Fernando Fernández Duval
El platero estaba sentado en ese viejo
y sucio cajón de letrina que veo allá en el fondo, en aquel remoto cuarto, oscuro
y maloliente, -en el que mi abuelo deposita, cada noche cuando llega del conuco,
sus aperos de trabajo, la cincha, el aparejo y el serón que lleva puesto el
burro. Este tranquilo lugar luce como un templo abandonado, y más que sumergido
simbólicamente entre la mierda, está herméticamente escondido en el fondo del
patio.
Allí justamente estuvo escondido el
platero, en esa posición prenatal, porque a un hombre no lo saca nadie a
empellones en esas deplorables y primitivas condiciones humanas –dice: con los
pantalones bajitos hasta las rodillas, las rodillas pegadas entre pecho y
barbilla, los glúteos desnudos y bien apretados para expulsar el contenido de
las tripas, porque el que lo intentare, se consideraría un ser insensato o un
abusador, calculaba fríamente para sus adentros, mientras sus ojos se
espabilaban tímidamente acechantes y desorbitados como un loco.

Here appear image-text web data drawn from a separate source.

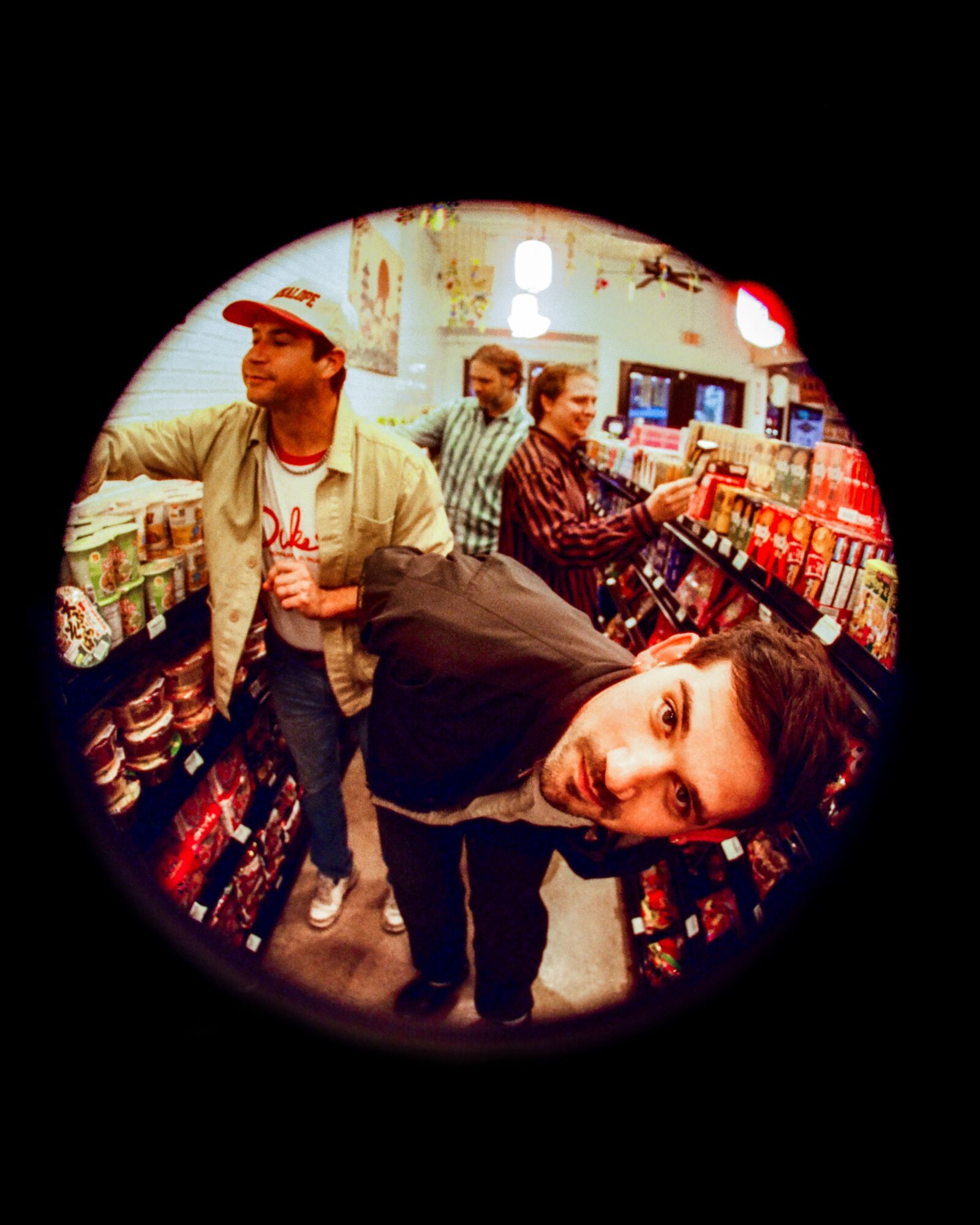 Group of people shopping in a store aisle with shelves of products, some looking at the camera, one leaning in close.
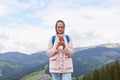 Imag of female tourist holds cell telephone while enjoyinf beautiful landscape of mountains, woman traveler in casual clothes Royalty Free Stock Photo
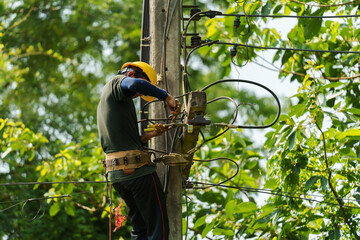 technician climbing electric poles and connecting wires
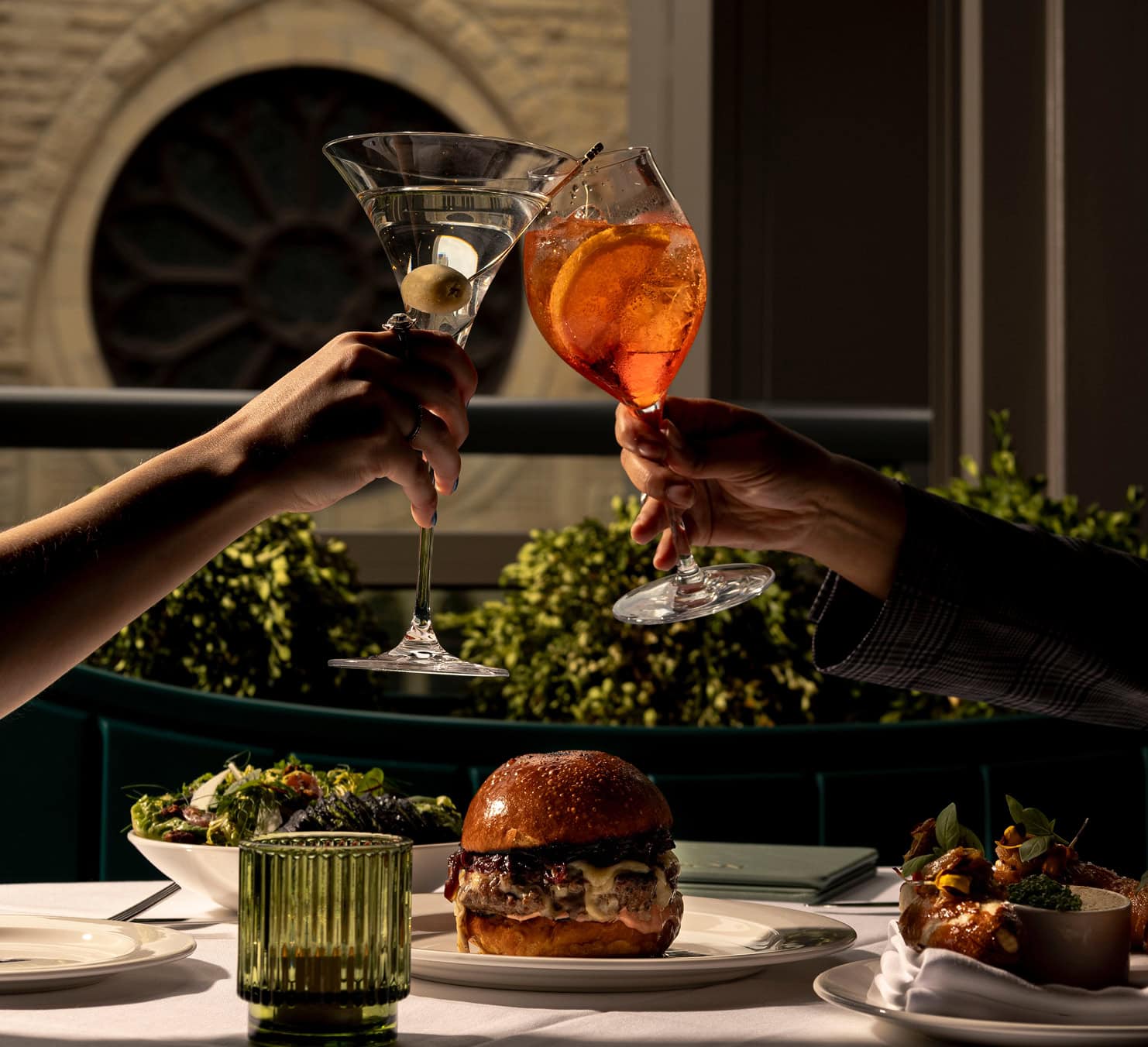 Two guests of the alston tapping glasses overtop of a cheese burger and other food on a table.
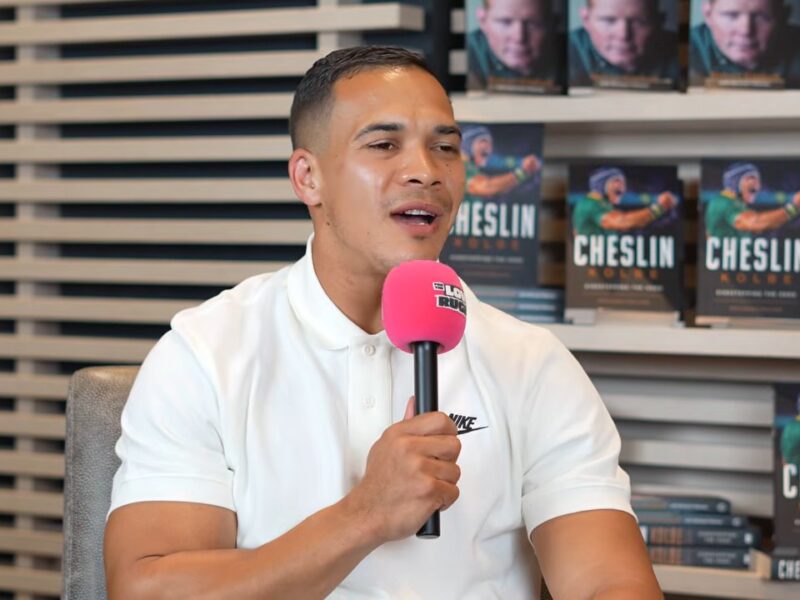 Cheslin Kolbe speaks on For The Love Of Rugby: South Africa about growing up in Scottsville, Kraaifontein, with copies of his book behind him
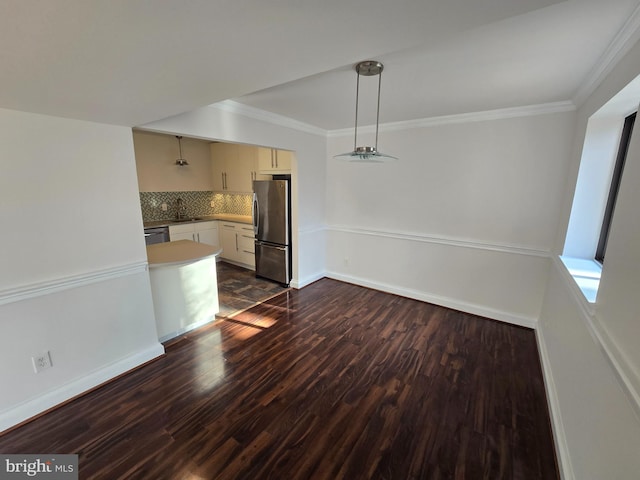 interior space featuring crown molding, baseboards, and dark wood-style flooring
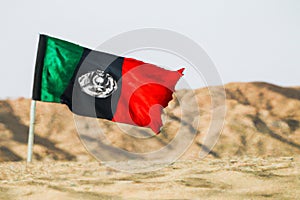 Afghan Flag in Desert Landscape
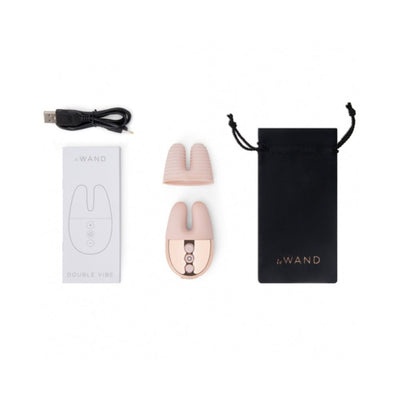 Le Wand Double Vibe with USB charging cable, textured silicone sleeve, user manual, and black travel pouch on white background.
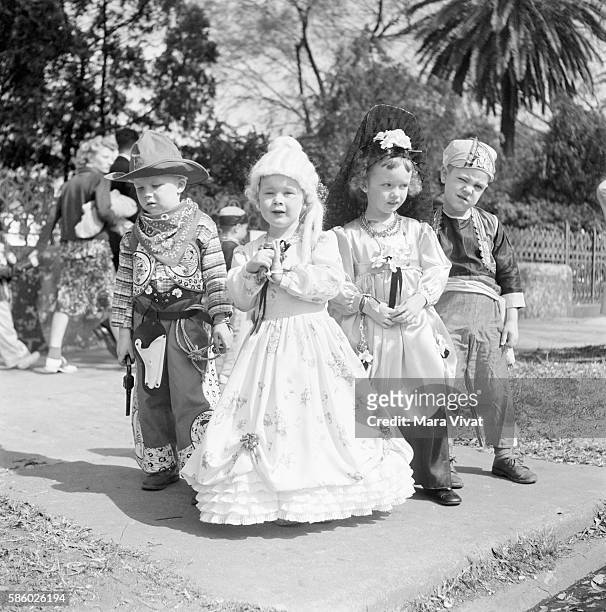 Group of boys and girls dressed up as pirates, cowboys, and princesses for Mardi Gras, New Orleans, Louisiana, circa 1950.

Se sentía seguro y casi a salvo en
esas primitivas condiciones, enclaustrado en ese lugar remoto y exclusivo de la
vida, en donde uno se esconde para individualizarse dignamente y en silencio, y
donde no hacía otra cosa que pensar cómo salir de ese rincón, para volver a llevar
una vida sin sustos, sin que lo advirtieran las personas que probablemente lo
pudieron ver entrar a prima noche, volcado en esa silueta pequeña de poca monta,
que era la suya, jabao, de pelo blanco y engomado bigote, huyendo despavorido por
la puerta trasera de la casa curial, hacia el patio más cercano con el cuchillo
de oro de San Bartolomé escondido en medio del berenjenal que había armado, pegado
entre camisa y pellejo. Pero –de encontrarlo en ese abrigadero- la gente lo
denunciaría, lo ultrajaría vilmente hasta pisarle la cabeza como a una maldita cucaracha,
porque no faltaría quien lo viera llevarse el cuchillo, aunque fuera de refilón,
como el pelo, que no falta en el sancocho.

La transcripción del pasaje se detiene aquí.